13. The electronic system of claim 10, further comprising a turning screw in communication with the cavity that adjusts the volume of the cavity along the portion of the cavity defined by the interface.

14. The electronic system of claim 13, wherein the turning screw is located on an opposing side of the cavity from the interface.

15. An electronic system comprising:

a first energy transmission device with a first impedance and a first mode of energy wave propagation wherein the first energy transmission device comprises a substrate having a first end and a second end opposing the first end and wherein the first end comprises an input region and the second end comprises an output region;

an isolation wall located between the first end and the second end wherein the isolation wall is configured to separate an input signal present at the input region from an output signal produced at the output region;

a second energy transmission device comprising a cavity wherein the second energy transmission device has a second impedance and a second mode of energy wave propagation; and

a step launch interface defining an interface cavity and contacting the first energy transmission device and the second energy transmission device and configured to transport energy from the first energy transmission device to the second energy transmission device with minimal loss by matching the impedance and first mode of energy wave propagation to the second impedance and second mode of energy wave propagation by performing impedance matching and mode transition without the use of dielectric materials.

16. The electronic system of claim 15, further comprising a turning screw that adjusts a volume of the interface cavity.

17. The electronic system according to claim 15, wherein the isolation wall is approximately 0.5-0.05 millimeters from the first energy transmission device.

18. The electronic system of claim 15, wherein the step launch interface is disposed within the cavity.

19. The electronic system of claim 15, further comprising a wirebond connecting the first energy transmission device to the step launch interface.

20. An electronic system comprising:

a monolithic microwave integrated circuit comprising a circuit board having a first end and a second end opposing the first end wherein the first end comprises an input region and the second end comprises an output region;

an isolation wall placed between the first end and the second end;

a waveguide comprising a waveguide cavity;

an interface comprising a step launch disposed within the waveguide cavity and defining an interface cavity wherein the interface cavity is smaller than the waveguide cavity;

a turning screw that adjusts the size of the waveguide cavity; and

an interface connecting the monolithic microwave circuit to the interface.

21. The electronic system of claim 20, wherein the turning screw is located on an opposing or adjacent side of the interface cavity from the interface.

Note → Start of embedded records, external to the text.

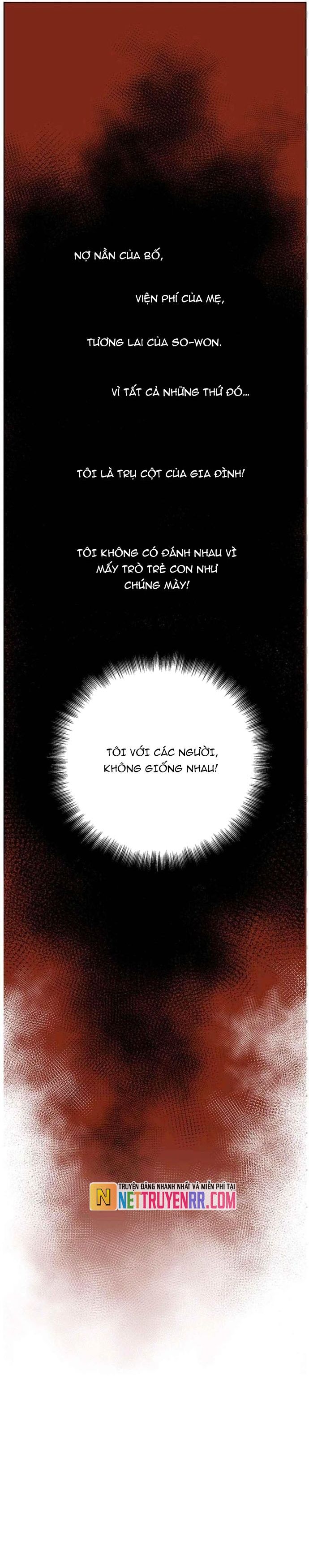 Gangster Học Đường Chapter 26 - 6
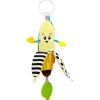 Boxhangers>Tomy Lamaze bea de banaan clip 'n go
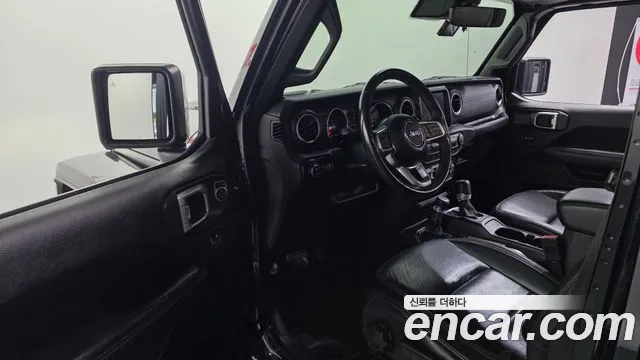 Jeep Wrangler 2019 thumb 10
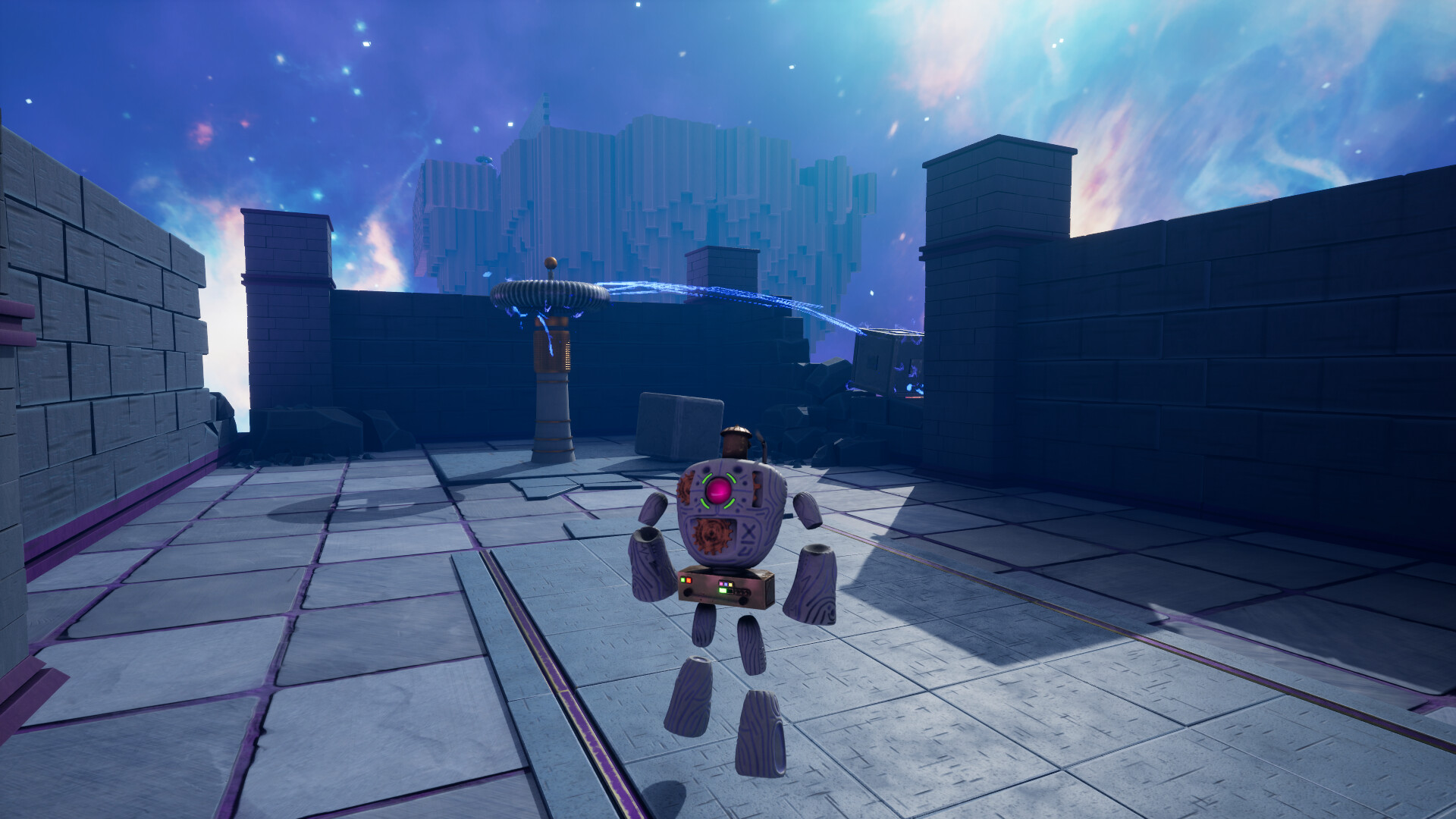 Logialand screenshot 4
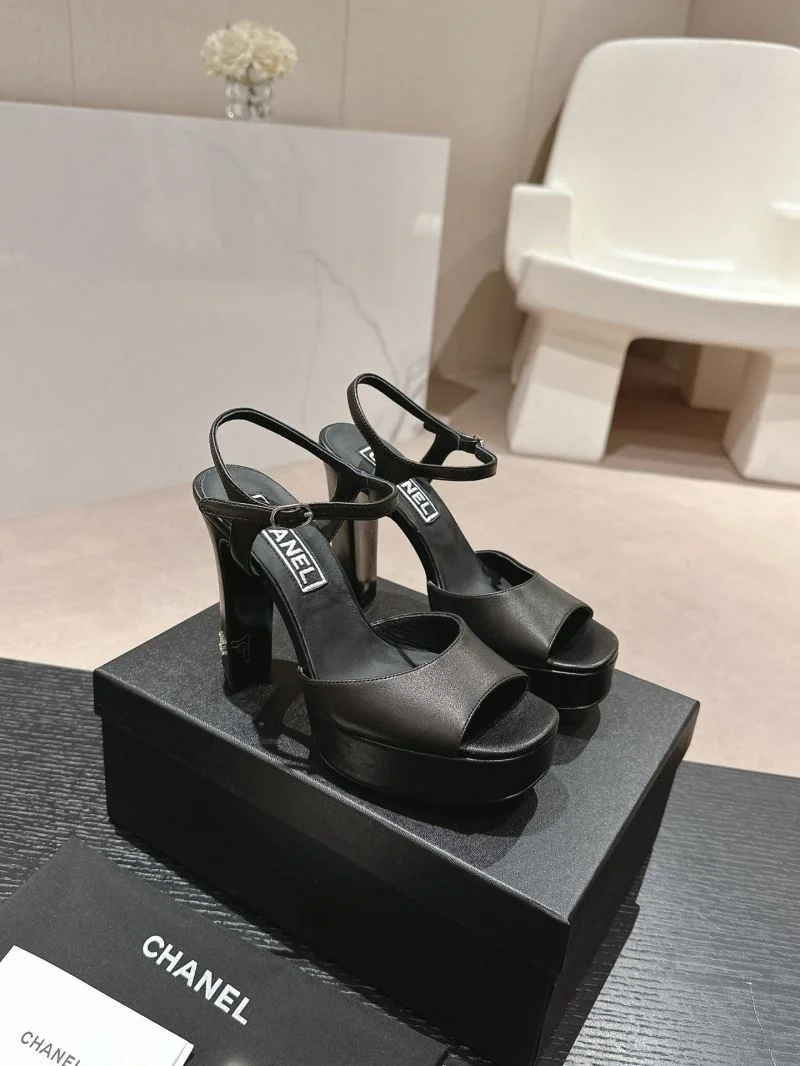 Chanel Sandals OdorResistant 19015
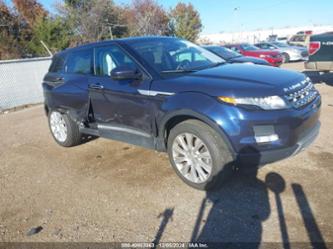 LAND ROVER RANGE ROVER EVOQUE PRESTIGE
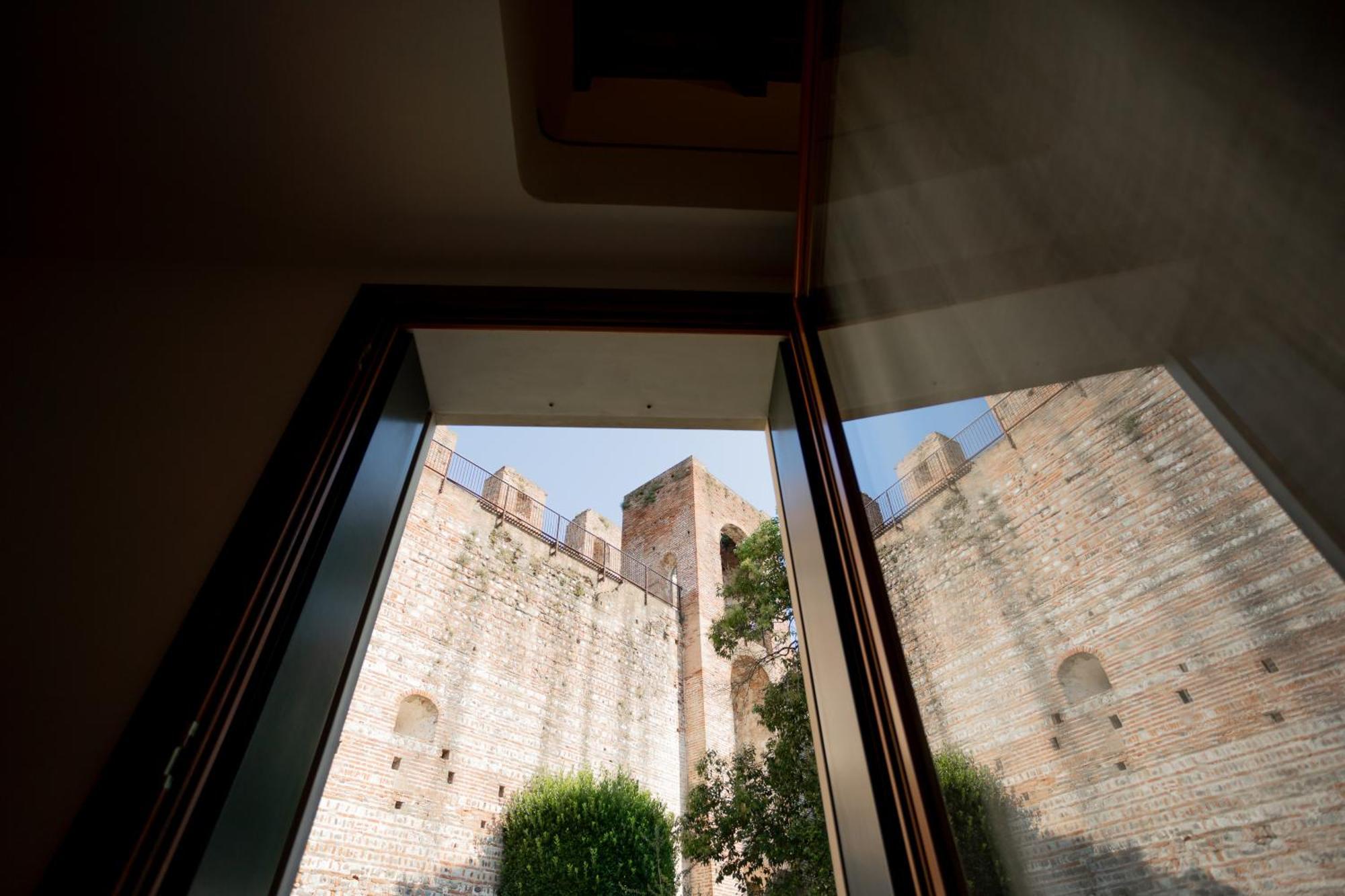 L'Attico Alle Mura - Cittadella Buitenkant foto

22. A pathway for microwaves comprising:

a monolithic microwave integrated circuit with a first impedance wherein the monolithic microwave integrated circuit comprises a circuit board having a first end and a second end opposing the first end wherein the first end comprises an input region and the second end comprises an output region;

an isolation wall placed between the first end and the second end wherein the isolation wall is configured to separate an input signal present at the input region from an output signal produced at the output region;

an interface connected to the monolithic integrated circuit, the interface having the first impedance at an interface first end and a second impedance at an interface second end, the interface further connected to a waveguide at the second end, wherein the waveguide has a second impedance; and

the interface further comprising a step launch in communication with a cavity, wherein the cavity has a different volume at different points along the direction of the microwave pathway, and wherein the volume of the cavity changes along the direction of the microwave pathway.

23. The pathway for microwaves of claim 22, further comprising a turning screw that adjusts the volume of the cavity.

24. The pathway for microwaves of claim 22, wherein the isolation wall further comprises a flange.